O problema é que, após o envolvente primeiro ato, Para Todos os Garotos que Já Amei decide seguir uma fórmula muito batida dentro do subgênero dos romances ‘teen’. Por mais que alguns destes títulos já possam soar envelhecidos junto às novas gerações, o que valoriza, inclusive, as referências aos clássicos de John Hughes aqui presentes, aos poucos a sensação do “já vi isso antes” começa a se tornar incomoda. Mais do que simplesmente se escorar numa estrutura formulaica, o longa peca no momento em que opta por requentar os velhos arquétipos do gênero. Embora, num primeiro momento, o argumento fuja do lugar comum ao investir em personagens multidimensionais, na transição para o último ato Susan Johnson pesa a mão na tentativa de criar a esperada “ruptura” do casal, investindo numa dispensável antagonista e num dilema real mal aproveitado pelo roteiro. Na verdade, o grande senão da película está justamente na falta de coragem da trama em explorar o elemento dramático que permeia a história. Na tentativa de exaltar o viés romântico da obra, Johnson parece deixar de lado os (verdadeiros) conflitos mais íntimos de Lara, esvaziando a interessante jornada de amadurecimento pessoal da protagonista em prol de um desfecho bonitinho e açucarado. Menos mal que, por diversas vezes, a diretora é cuidadosa ao dar voz a estes sentimentos reprimidos, preenchendo a produção com diálogos sensíveis e sequências indiscutivelmente delicadas. Momentos que, inclusive, ajudam a estreitar os laços entre o casal de protagonistas.
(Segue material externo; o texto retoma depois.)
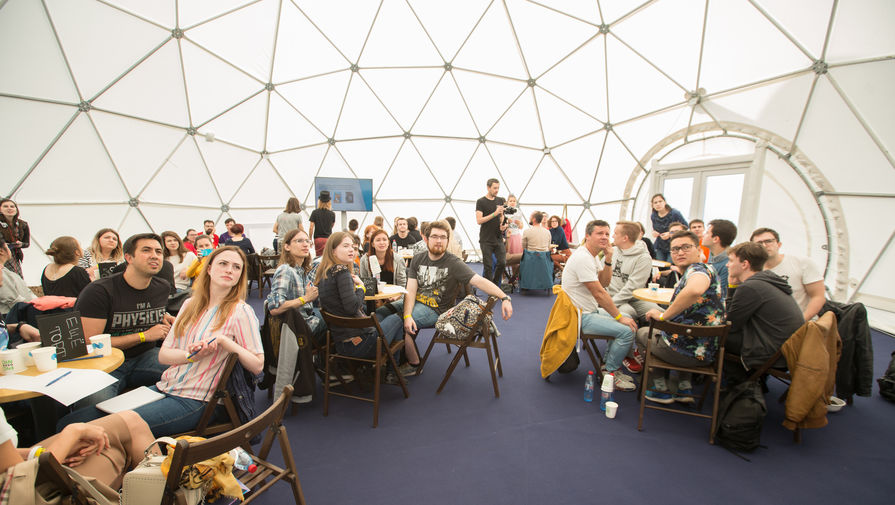 Во время международного фестиваля Geek Picnic-2019 в&nbsp;Москве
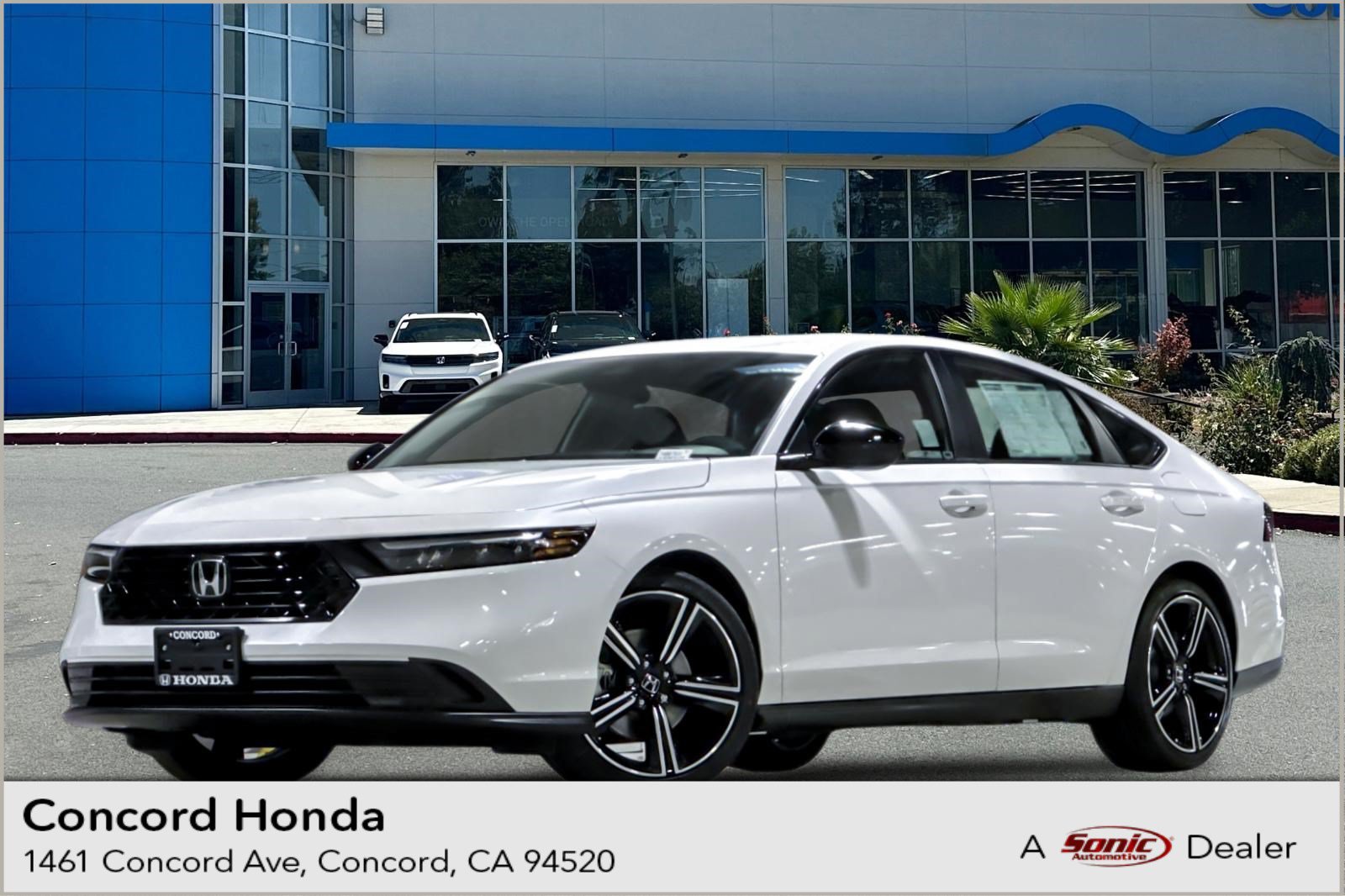  Honda Accord Hybrid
Em suma, com um elenco talentoso e momentos genuinamente engraçados, Para Todos Os Garotos que Já Amei se revela uma obra simples e competente, um ‘coming age movie’ em potencial que se contenta em abraçar os clichês dos romances ‘teen’.

Um comentário:

JOTAT10 disse...

Com todo o respeito aos filmes e aos profissionais que desenvolvem os personagens nos filmes, mas nenhum me agrada pelo motivo do gênero dos filmes, mas não desmereço pra que ninguém os assistam, simplesmente não fazem parte daquilo que eu gosto no cinema.